If that's what 'Christ' actually means in 'antichrist' (in that long dreaded prediction), then that simply means that perso , the 'antichrist', is non-traditional, unconventional, unorthodox. It means he understands the essence of Christ; the essence of God, and is more accepting of people and more understanding of everyone's humanity.
I've observed this in Pope Francis. Traditionalists are shocked at how accepting he is of homosexuals and non-Christians. I am glad that an icon from the Catholic church is able to show such courage and openness with his own beliefs. It's surprising, yet refreshing; and rather delightful. New world order? Check. If he is the anti-old-school-teachings-Jesus, and is showing the world how Jesus would actually act if he were here in this time and age, people of all religions are bound to unite.
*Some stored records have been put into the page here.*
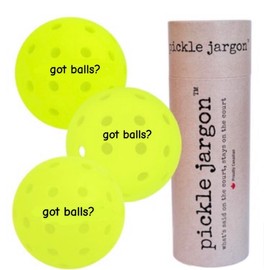 Pickle Jargon Pickleball Balls - USAPA-Approved Outdoor Balls with Witty Text, Perfect Pickleball Gift, Tournament-Grade Bounce, Wind-Resistant (26g Each)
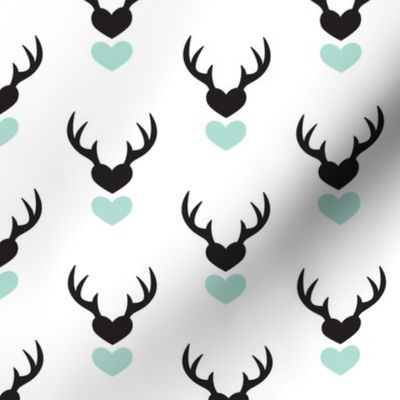 Cute blue scandinavian woodland deer antlers and hearts Valentine love pattern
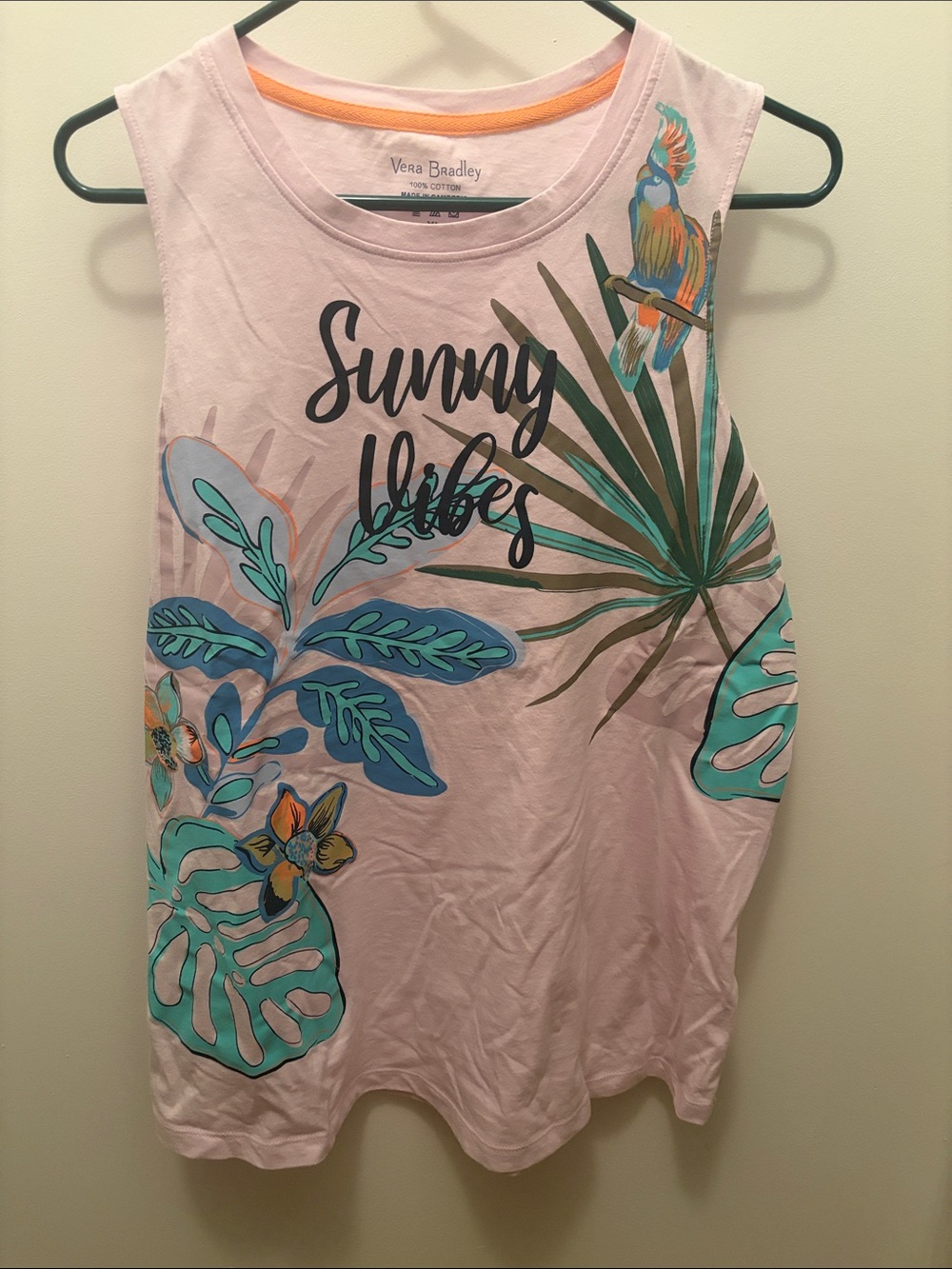 NWOT Vera Bradley Light Pink Tropical Tank Top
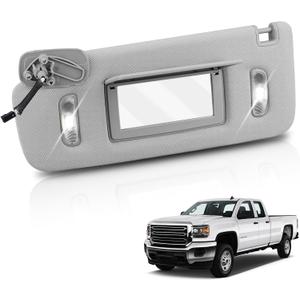 Left Driver Side Sun Visor with Lighted Mirror Compatible with 2014-2019 Chevy Silverado & GMC Sierra - Replace# 23459655, Gray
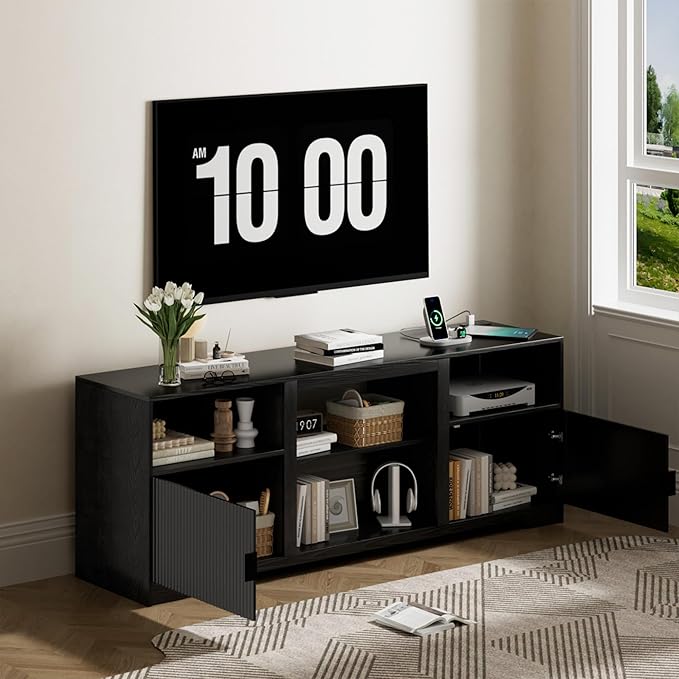 Fluted TV Stand for Tvs up to 80Mid Century Modern TV Stand with Open Adjustable ShelfEntertainment Center Wood TV Media Console with Cord Holes for Living Room Furniture BedroomBlack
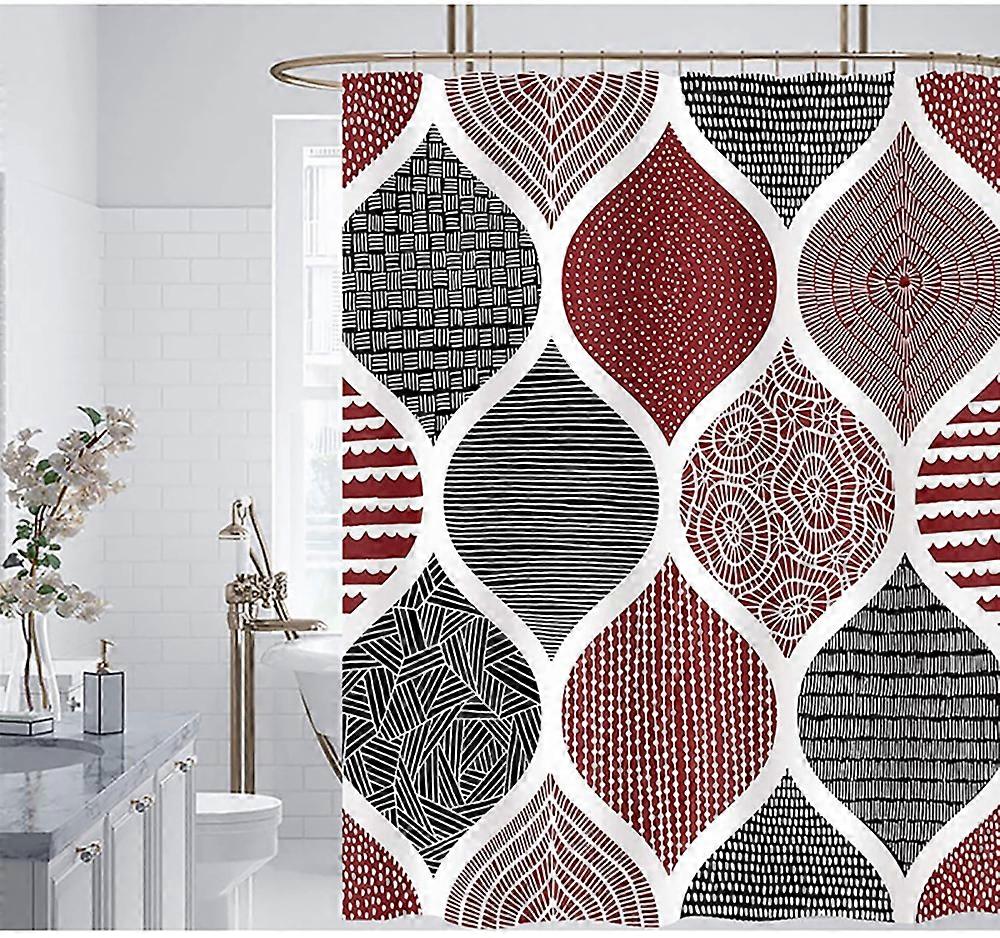 Pretty Waterproof Shower Curtain, 180*180cm, With Hooks, Mildew Proof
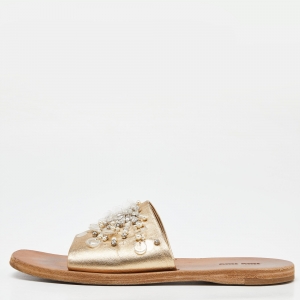 Miu Miu Gold Leather Crystal Embellished Open Toe Flat Slides Size 40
Somehow. You'd still have the fanatics and traditionalists, but people from different religions and cultures accepting and loving each other sounds pretty damn good to me.
'One religion' may not mean one literal religion. It could mean that people respond to one message, one driving factor: love. No language, racial, religious, age, or cultural barriers there--everybody knows what love is and how to express it. It will be the language we speak, what we believe in, and what will unite us.
Sounds nice. I just hope my interpretations are correct.
So armageddon, 'the end is coming', according to a lot of religions. The end of what? A lot of bullshit. Hatred and rejection, maybe war, maybe pain. Maybe. It sounds too ideal, but what if it's possible for people to be mostly united, save for the really stubborn ones?
Maybe this is what the age of Aquarius is. Peace, understanding, acceptance, and love.
What reason is there to think negatively about the end?
Let's not discuss death, though. I'm not quite there yet. I still stay up hours and hours scared shitless when I think about it.